* [Task prompt]
Write out all the data below exactly.

##############################

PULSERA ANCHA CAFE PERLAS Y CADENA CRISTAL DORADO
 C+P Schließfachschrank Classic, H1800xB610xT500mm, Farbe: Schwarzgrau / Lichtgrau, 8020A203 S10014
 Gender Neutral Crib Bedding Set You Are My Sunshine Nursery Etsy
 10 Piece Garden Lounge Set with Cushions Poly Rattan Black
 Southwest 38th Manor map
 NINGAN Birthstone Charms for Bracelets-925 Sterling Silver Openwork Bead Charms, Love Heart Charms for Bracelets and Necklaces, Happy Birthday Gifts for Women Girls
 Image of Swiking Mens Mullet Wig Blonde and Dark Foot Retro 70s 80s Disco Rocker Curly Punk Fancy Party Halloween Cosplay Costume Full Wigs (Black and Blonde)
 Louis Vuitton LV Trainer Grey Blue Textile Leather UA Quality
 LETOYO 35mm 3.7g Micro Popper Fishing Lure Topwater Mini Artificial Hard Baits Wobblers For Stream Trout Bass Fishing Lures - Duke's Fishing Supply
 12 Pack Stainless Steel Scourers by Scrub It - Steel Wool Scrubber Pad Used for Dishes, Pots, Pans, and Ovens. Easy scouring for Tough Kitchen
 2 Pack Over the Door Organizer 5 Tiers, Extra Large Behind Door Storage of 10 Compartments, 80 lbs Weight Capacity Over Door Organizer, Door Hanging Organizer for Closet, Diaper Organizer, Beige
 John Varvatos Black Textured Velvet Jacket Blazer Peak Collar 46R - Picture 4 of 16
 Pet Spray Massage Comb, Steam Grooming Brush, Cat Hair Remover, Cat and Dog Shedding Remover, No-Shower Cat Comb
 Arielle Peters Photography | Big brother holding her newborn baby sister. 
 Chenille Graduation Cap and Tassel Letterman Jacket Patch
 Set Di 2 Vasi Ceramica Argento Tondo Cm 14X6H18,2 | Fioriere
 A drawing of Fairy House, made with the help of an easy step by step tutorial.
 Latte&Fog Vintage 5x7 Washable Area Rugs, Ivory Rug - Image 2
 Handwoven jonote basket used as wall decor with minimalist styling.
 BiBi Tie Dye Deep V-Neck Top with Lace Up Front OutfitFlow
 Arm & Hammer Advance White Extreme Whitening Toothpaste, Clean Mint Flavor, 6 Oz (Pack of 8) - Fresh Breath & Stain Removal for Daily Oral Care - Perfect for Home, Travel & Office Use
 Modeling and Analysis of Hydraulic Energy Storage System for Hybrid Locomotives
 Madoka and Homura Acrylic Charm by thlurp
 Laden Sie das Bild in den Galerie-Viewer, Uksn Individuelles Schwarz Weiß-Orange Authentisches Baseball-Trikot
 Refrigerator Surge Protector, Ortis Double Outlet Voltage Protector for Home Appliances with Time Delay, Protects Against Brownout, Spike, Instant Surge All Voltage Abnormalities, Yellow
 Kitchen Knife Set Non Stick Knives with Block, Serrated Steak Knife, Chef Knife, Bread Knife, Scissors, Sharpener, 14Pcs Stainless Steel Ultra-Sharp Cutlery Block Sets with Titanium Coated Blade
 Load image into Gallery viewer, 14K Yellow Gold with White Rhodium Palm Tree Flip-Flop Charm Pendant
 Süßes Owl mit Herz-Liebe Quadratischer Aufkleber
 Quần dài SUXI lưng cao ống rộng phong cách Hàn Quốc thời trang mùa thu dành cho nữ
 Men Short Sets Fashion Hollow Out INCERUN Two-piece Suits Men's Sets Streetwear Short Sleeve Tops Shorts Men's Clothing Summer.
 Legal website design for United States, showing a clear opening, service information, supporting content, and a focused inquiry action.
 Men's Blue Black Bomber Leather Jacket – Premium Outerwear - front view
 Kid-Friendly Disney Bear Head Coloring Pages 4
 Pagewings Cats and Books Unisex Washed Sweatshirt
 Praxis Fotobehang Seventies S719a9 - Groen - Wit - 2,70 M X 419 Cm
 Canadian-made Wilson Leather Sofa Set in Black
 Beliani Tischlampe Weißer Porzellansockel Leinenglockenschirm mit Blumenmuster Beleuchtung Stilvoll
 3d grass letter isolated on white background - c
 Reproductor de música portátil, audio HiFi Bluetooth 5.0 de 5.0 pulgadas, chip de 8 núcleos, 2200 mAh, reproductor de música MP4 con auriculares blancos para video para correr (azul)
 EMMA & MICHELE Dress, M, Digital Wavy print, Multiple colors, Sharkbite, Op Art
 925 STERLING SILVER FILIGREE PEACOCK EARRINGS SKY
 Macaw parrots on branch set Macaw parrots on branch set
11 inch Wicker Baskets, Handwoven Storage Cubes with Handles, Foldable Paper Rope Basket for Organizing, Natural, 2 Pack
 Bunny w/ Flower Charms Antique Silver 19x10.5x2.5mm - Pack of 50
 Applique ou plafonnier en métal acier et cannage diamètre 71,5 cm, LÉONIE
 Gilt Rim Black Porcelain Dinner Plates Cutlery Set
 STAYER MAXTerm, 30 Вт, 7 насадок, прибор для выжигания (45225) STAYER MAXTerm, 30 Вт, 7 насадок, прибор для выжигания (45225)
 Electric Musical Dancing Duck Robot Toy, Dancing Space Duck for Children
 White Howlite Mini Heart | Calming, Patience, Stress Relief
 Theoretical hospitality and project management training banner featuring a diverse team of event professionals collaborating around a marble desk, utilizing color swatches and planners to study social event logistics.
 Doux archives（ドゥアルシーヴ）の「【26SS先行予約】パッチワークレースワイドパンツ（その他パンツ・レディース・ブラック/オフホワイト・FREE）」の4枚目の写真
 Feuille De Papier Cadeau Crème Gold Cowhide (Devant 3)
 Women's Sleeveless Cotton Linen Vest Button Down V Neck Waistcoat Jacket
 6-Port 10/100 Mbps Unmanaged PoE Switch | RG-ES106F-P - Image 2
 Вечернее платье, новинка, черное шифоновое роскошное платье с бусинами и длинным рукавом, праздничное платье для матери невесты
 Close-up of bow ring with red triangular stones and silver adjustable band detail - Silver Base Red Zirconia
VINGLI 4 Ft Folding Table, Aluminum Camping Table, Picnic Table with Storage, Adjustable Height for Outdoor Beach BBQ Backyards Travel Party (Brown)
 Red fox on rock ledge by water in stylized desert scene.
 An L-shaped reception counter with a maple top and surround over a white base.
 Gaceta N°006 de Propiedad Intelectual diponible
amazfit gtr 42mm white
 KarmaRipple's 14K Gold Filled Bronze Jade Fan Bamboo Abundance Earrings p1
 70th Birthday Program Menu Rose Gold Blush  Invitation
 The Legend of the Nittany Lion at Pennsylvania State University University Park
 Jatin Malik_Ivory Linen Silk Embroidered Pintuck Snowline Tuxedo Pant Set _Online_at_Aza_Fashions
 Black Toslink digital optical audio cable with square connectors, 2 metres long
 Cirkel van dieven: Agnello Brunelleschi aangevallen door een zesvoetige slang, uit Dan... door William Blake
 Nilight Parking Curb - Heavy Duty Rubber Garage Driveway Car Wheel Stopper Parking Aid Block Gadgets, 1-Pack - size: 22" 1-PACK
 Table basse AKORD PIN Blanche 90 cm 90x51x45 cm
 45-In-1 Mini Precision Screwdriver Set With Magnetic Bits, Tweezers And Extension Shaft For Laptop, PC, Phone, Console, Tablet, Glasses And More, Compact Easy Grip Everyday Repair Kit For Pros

##############################

* [Finished task]
PULSERA ANCHA CAFE PERLAS Y CADENA CRISTAL DORADO
 C+P Schließfachschrank Classic, H1800xB610xT500mm, Farbe: Schwarzgrau / Lichtgrau, 8020A203 S10014
 Gender Neutral Crib Bedding Set You Are My Sunshine Nursery Etsy
 10 Piece Garden Lounge Set with Cushions Poly Rattan Black
 Southwest 38th Manor map
 NINGAN Birthstone Charms for Bracelets-925 Sterling Silver Openwork Bead Charms, Love Heart Charms for Bracelets and Necklaces, Happy Birthday Gifts for Women Girls
 Image of Swiking Mens Mullet Wig Blonde and Dark Foot Retro 70s 80s Disco Rocker Curly Punk Fancy Party Halloween Cosplay Costume Full Wigs (Black and Blonde)
 Louis Vuitton LV Trainer Grey Blue Textile Leather UA Quality
 LETOYO 35mm 3.7g Micro Popper Fishing Lure Topwater Mini Artificial Hard Baits Wobblers For Stream Trout Bass Fishing Lures - Duke's Fishing Supply
 12 Pack Stainless Steel Scourers by Scrub It - Steel Wool Scrubber Pad Used for Dishes, Pots, Pans, and Ovens. Easy scouring for Tough Kitchen
 2 Pack Over the Door Organizer 5 Tiers, Extra Large Behind Door Storage of 10 Compartments, 80 lbs Weight Capacity Over Door Organizer, Door Hanging Organizer for Closet, Diaper Organizer, Beige
 John Varvatos Black Textured Velvet Jacket Blazer Peak Collar 46R - Picture 4 of 16
 Pet Spray Massage Comb, Steam Grooming Brush, Cat Hair Remover, Cat and Dog Shedding Remover, No-Shower Cat Comb
 Arielle Peters Photography | Big brother holding her newborn baby sister. 
 Chenille Graduation Cap and Tassel Letterman Jacket Patch
 Set Di 2 Vasi Ceramica Argento Tondo Cm 14X6H18,2 | Fioriere
 A drawing of Fairy House, made with the help of an easy step by step tutorial.
 Latte&Fog Vintage 5x7 Washable Area Rugs, Ivory Rug - Image 2
 Handwoven jonote basket used as wall decor with minimalist styling.
 BiBi Tie Dye Deep V-Neck Top with Lace Up Front OutfitFlow
 Arm & Hammer Advance White Extreme Whitening Toothpaste, Clean Mint Flavor, 6 Oz (Pack of 8) - Fresh Breath & Stain Removal for Daily Oral Care - Perfect for Home, Travel & Office Use
 Modeling and Analysis of Hydraulic Energy Storage System for Hybrid Locomotives
 Madoka and Homura Acrylic Charm by thlurp
 Laden Sie das Bild in den Galerie-Viewer, Uksn Individuelles Schwarz Weiß-Orange Authentisches Baseball-Trikot
 Refrigerator Surge Protector, Ortis Double Outlet Voltage Protector for Home Appliances with Time Delay, Protects Against Brownout, Spike, Instant Surge All Voltage Abnormalities, Yellow
 Kitchen Knife Set Non Stick Knives with Block, Serrated Steak Knife, Chef Knife, Bread Knife, Scissors, Sharpener, 14Pcs Stainless Steel Ultra-Sharp Cutlery Block Sets with Titanium Coated Blade
 Load image into Gallery viewer, 14K Yellow Gold with White Rhodium Palm Tree Flip-Flop Charm Pendant
 Süßes Owl mit Herz-Liebe Quadratischer Aufkleber
 Quần dài SUXI lưng cao ống rộng phong cách Hàn Quốc thời trang mùa thu dành cho nữ
 Men Short Sets Fashion Hollow Out INCERUN Two-piece Suits Men's Sets Streetwear Short Sleeve Tops Shorts Men's Clothing Summer.
 Legal website design for United States, showing a clear opening, service information, supporting content, and a focused inquiry action.
 Men's Blue Black Bomber Leather Jacket – Premium Outerwear - front view
 Kid-Friendly Disney Bear Head Coloring Pages 4
 Pagewings Cats and Books Unisex Washed Sweatshirt
 Praxis Fotobehang Seventies S719a9 - Groen - Wit - 2,70 M X 419 Cm
 Canadian-made Wilson Leather Sofa Set in Black
 Beliani Tischlampe Weißer Porzellansockel Leinenglockenschirm mit Blumenmuster Beleuchtung Stilvoll
 3d grass letter isolated on white background - c
 Reproductor de música portátil, audio HiFi Bluetooth 5.0 de 5.0 pulgadas, chip de 8 núcleos, 2200 mAh, reproductor de música MP4 con auriculares blancos para video para correr (azul)
 EMMA & MICHELE Dress, M, Digital Wavy print, Multiple colors, Sharkbite, Op Art
 925 STERLING SILVER FILIGREE PEACOCK EARRINGS SKY
 Macaw parrots on branch set Macaw parrots on branch set
11 inch Wicker Baskets, Handwoven Storage Cubes with Handles, Foldable Paper Rope Basket for Organizing, Natural, 2 Pack
 Bunny w/ Flower Charms Antique Silver 19x10.5x2.5mm - Pack of 50
 Applique ou plafonnier en métal acier et cannage diamètre 71,5 cm, LÉONIE
 Gilt Rim Black Porcelain Dinner Plates Cutlery Set
 STAYER MAXTerm, 30 Вт, 7 насадок, прибор для выжигания (45225) STAYER MAXTerm, 30 Вт, 7 насадок, прибор для выжигания (45225)
 Electric Musical Dancing Duck Robot Toy, Dancing Space Duck for Children
 White Howlite Mini Heart | Calming, Patience, Stress Relief
 Theoretical hospitality and project management training banner featuring a diverse team of event professionals collaborating around a marble desk, utilizing color swatches and planners to study social event logistics.
 Doux archives（ドゥアルシーヴ）の「【26SS先行予約】パッチワークレースワイドパンツ（その他パンツ・レディース・ブラック/オフホワイト・FREE）」の4枚目の写真
 Feuille De Papier Cadeau Crème Gold Cowhide (Devant 3)
 Women's Sleeveless Cotton Linen Vest Button Down V Neck Waistcoat Jacket
 6-Port 10/100 Mbps Unmanaged PoE Switch | RG-ES106F-P - Image 2
 Вечернее платье, новинка, черное шифоновое роскошное платье с бусинами и длинным рукавом, праздничное платье для матери невесты
 Close-up of bow ring with red triangular stones and silver adjustable band detail - Silver Base Red Zirconia
VINGLI 4 Ft Folding Table, Aluminum Camping Table, Picnic Table with Storage, Adjustable Height for Outdoor Beach BBQ Backyards Travel Party (Brown)
 Red fox on rock ledge by water in stylized desert scene.
 An L-shaped reception counter with a maple top and surround over a white base.
 Gaceta N°006 de Propiedad Intelectual diponible
amazfit gtr 42mm white
 KarmaRipple's 14K Gold Filled Bronze Jade Fan Bamboo Abundance Earrings p1
 70th Birthday Program Menu Rose Gold Blush  Invitation
 The Legend of the Nittany Lion at Pennsylvania State University University Park
 Jatin Malik_Ivory Linen Silk Embroidered Pintuck Snowline Tuxedo Pant Set _Online_at_Aza_Fashions
 Black Toslink digital optical audio cable with square connectors, 2 metres long
 Cirkel van dieven: Agnello Brunelleschi aangevallen door een zesvoetige slang, uit Dan... door William Blake
 Nilight Parking Curb - Heavy Duty Rubber Garage Driveway Car Wheel Stopper Parking Aid Block Gadgets, 1-Pack - size: 22" 1-PACK
 Table basse AKORD PIN Blanche 90 cm 90x51x45 cm
 45-In-1 Mini Precision Screwdriver Set With Magnetic Bits, Tweezers And Extension Shaft For Laptop, PC, Phone, Console, Tablet, Glasses And More, Compact Easy Grip Everyday Repair Kit For Pros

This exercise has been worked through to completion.